Government troops abandoned their position late on Sunday at Rwindi, 80 miles north of Goma in Democratic Republic of Congo's North Kivu Province, after a battle with the rebels involving small arms and heavier weapons. UN peacekeeping troops at Rwindi stayed in their base during the fighting.

On Sunday, the rebels' leader, renegade General Laurent Nkunda, told a UN envoy seeking to end weeks of renewed fighting that he was committed to the talks and the cease-fire.
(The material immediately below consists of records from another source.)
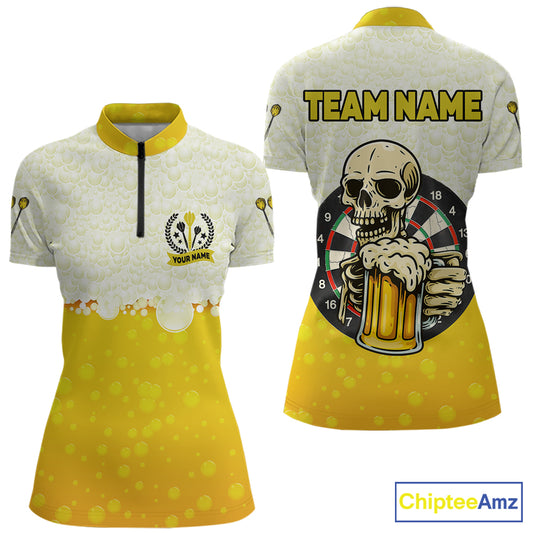 Personalized Funny Beer Skull Darts Shirt For Women Custom Yellow Darts Team Jersey, Darts Gifts TDM5507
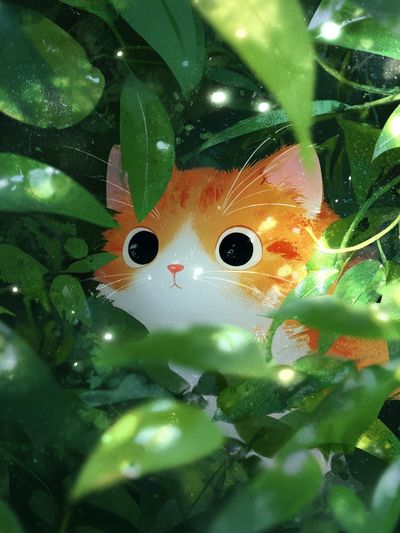 Curious Cat in Greenery — Illustration Print. poster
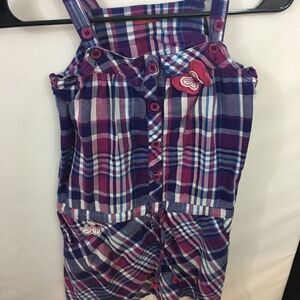 Minnie Minors Girls Plaid Dress Sz L Butterflies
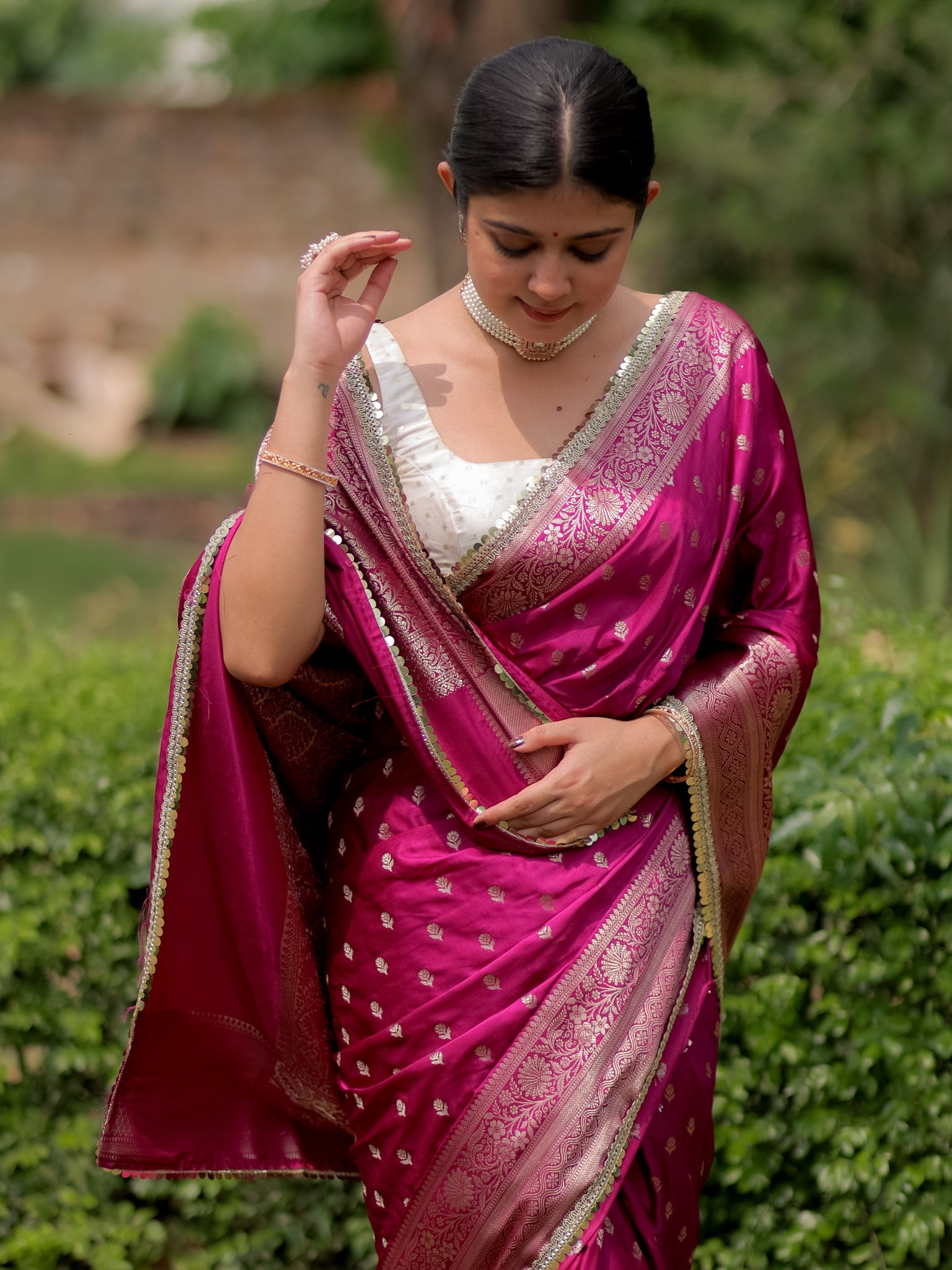 Banarasi Silk Saree With Buti Weaving & Lace Border- Purple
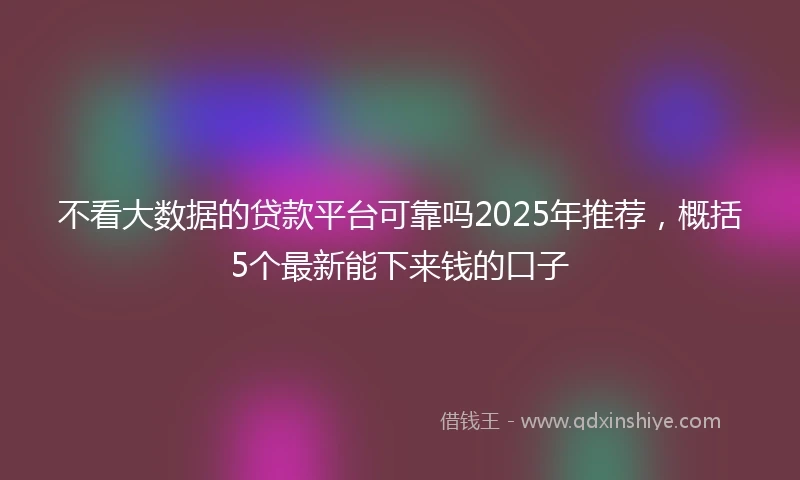 不看大数据的贷款平台可靠吗2025年推荐,概括5个最新能下来钱的口子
He met with Olusegun Obasanjo, former Nigerian president, named special envoy by UN Secretary General Ban Ki Moon.

Obasanjo also met Congolese President Joseph Kabila and President Paul Kagame of Rwanda in an effort to stop the east Congo conflict from escalating into a repeat of a 1998-2003 Congo war, in which several million people died.

A UN peacekeeper at Rwindi who declined to be identified said Nkunda's National Congress for the Defence of the People forces had started advancing against government troops on Sunday, the day Nkunda met Obasanjo.

"By morning [on Monday], the CNDP was here," he said.

The road into Rwindi was littered with army boots and blankets.

At the town, a ranger post for the Virunga National Park, rebel fighters manned checkpoints abandoned by the army.

To the north, sporadic gunshots rang out that peacekeepers said were probably fired by hungry soldiers poaching animals.

Local residents said they wanted the conflict to stop.

"There were more than 100 bombs that fell last night. What kind of cease-fire is that?" said Clement Augustin Kasabuni, 33.

A UN official said the retreating government soldiers had destroyed equipment left behind in Rwindi including ammunition and a rocket launcher.

The rebels have been collecting large amounts of military hardware abandoned by the weak and chaotic Congolese army.